A post of some substance? Perhaps?

I haven’t been writing here much, and for no good reason, so for that I apologize. The last few weeks have been busy while not being especially productive. I need to remedy that.

I had a good meeting with my adviser two weeks ago in which I told her that I’m planning to leave the PhD program. She was quite kind and receptive, and said that she agrees that this is the best decision for me right now – and not for lack of skill or intellectual ability, just because I’m driven in a different direction right now. I need to get my stuff together for a CAS application this week.

I weighed myself yesterday after yoga and apparently I’ve lost 5 pounds? I’m not sure how, as I’ve been delinquent on both the gym front and the eating better front, but apparently what I’ve done is making a difference. I went to yoga yesterday for the first time in a while, and it was good and challenging, and I was able to do things I haven’t done before. That’s the case almost every time I go, which leads me to believe I should just go more often. Now that it’s nice enough to ride yellowbike, I’m hoping to get there (and the gym) more often.

We’re off to Boston for spring break in a few days, which will be great. I don’t know what all we’ll be doing other than hanging out with Sonya and Jason and kicking around, but I’m excited about visiting a new city with SB.

Just had brunch at Escobar’s, newly open in the ever-expanding downtown Champaign area. Let me tell you – if SB and I had taken the apartment affectionately referred to as “Basil Does Chicago”, we would’ve been here all the time. The food was fantastic without being overly heavy or grossly filling, which is something I really appreciate in a brunch. I’ve heard it’s quite loud in the evenings, but it was quiet and lovely for brunch with friends.

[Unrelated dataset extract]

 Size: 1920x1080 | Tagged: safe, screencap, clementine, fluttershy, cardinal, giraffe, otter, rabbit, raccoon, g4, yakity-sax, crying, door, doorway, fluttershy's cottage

Right now I’m at Cafe Paradiso, ostensibly working on my syllabus for Leigh’s class, which has turned out to be every bit as great as I’d hoped. The class – not my syllabus. For this assignment, Leigh wants us basically to put together a syllabus for a class we’d want to teach. I really feel like I don’t know enough about anything to actually teach a whole course, so I’m reusing/rethinking classes I’ve taken and worked with. It’s an interesting challenge.


I stumbled across this article this morning. It’s all about the economics of PhDs – rather, it’s about the total glut of PhDs on the market, in comparison with the relative lack of growth in demand for PhDs in tenure-track jobs. It’s not a happy thing.

I should be doing work-work, but right now I can’t wrap my head around it, so I’m going to write here for a few minutes.

I had a long, good, helpful conversation with a friend last night that really helped me to examine a lot of my questions, struggles and frustrations with the program. She told me about her own experience being heavily courted for the program, and how it immediately wasn’t what she expected or wanted. She’s now in the dissertation proposal phase, and feels it’s really too late to turn back, but encouraged me to deeply consider my options both here and elsewhere, and not be overly swayed by other people’s ambitions or goals or plans for my own career.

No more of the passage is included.